I think it's worth remembering that while Hotmail and SkyDrive might not have
'mindshare' in Silicon Valley or even across the US, there's a large
population of new and global users who have not yet formed opinions on the
matter and, more importantly, are willing to try Hotmail out, especially when
it's presented in a fresh and modern way like this.

[1]
[https://www.facebook.com/#!/media/set/?set=a.101510045341137...](https://www.facebook.com/#!/media/set/?set=a.10151004534113721.424349.20528438720&type=1)

------
option_greek
Damn... it directly displays in Hindi language for me. I suppose their thought
process is that if you have an indian IP, you must know hindi. What's more,
even after I changed the language, some of the labels are still in hindi.

------
codegeek
Few posts are bashing Outlook in general but I will take it anyday over the
biggest piece of shit we have at work: Lotus Notes. It is one of my biggest
pain points at work.

------
etruong42
There's a blogpost on HackerNews' "best" links right now that complains that
"Apple's new ads look like Microsoft made them"
<http://news.ycombinator.com/item?id=4313614>

Interestingly enough, the ads created by Microsoft touting Outlook.com don't
have any of these problems the blogpost associates with Microsoft ads. In
fact, the ads excites me and compels me to at least try the product.

------
ceejayoz
I logged in with my Microsoft account, which uses my work e-mail as the e-mail
address. It happily presented me webmail for it.

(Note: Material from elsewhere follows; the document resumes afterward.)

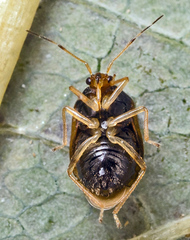 Monalocoris filicis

That's going to confuse non-technical users. There's no indication that any
replies are going to go right where it's supposed to, Google Apps...

Plus, when attempting to send, I get a captcha. Filling it out (correctly)
gives me a "too many attempts" warning.

------
jaspero
Suddenly my Gmail looks cluttered and old. Bonus, I got my name@outlook.com.
That's a big win. Hope they make good stuff.

------
poweratom
TL;DL: Thumbs down.

"Unsatisfactory" would be the word I'd use for the new outlook.com. Slow,
terrible UI and UX, and I see no improvements on the junkmail filter at all.

I really would like to see MSFT getting better at this (or at anything,
really; they are the underdog in so many categories of tech now). But they are
not. I'm a Mac/Apple fan by choice. But I like competition in the market. And
I do wish MSFT the best in getting it right (or somewhat right). But this is
so far out there that I just don't know what they are thinking. To use the
words "We think the time is right to reimagine email" is simply disingenuous
-- the site didn't reimagine anything -- it looked like a re-skinned old
hotmail to me in every aspect.

I will check it out again in a couple of months. Maybe they'll have time to
fix enough problems that I'll change my mind then. But until that point,
thumbs down.

------
ndcrandall
This actually makes we want to use my hotmail account a lot more. For the
longest time I used hotmail for junk emails and random signups to shield my
true email address. Interesting how UI/UX can completely change your attitude
toward a service (I never expected to change from Gmail until right now).

------
sbucher
In terms of UI, the differences vs gmail seem trivial and possibly in the
wrong direction. The three column format is identical; it is mainly cleaner
because it removes useful features: inline email text preview, a prominent
search box, navigation to other frequently used services, e.g. drive. On first
glance sparse designs look better, but for frequently used software people
tend to like the greater data density in practice. I also image that they will
introduce l their own navigation bar to other services at some point, so that
minor distinction would be temporary. On the hand it is far better than
Microsoft's existing offering, and being able to integrate with third party
social services rather than g+ is a substantial difference they should
continue to run with.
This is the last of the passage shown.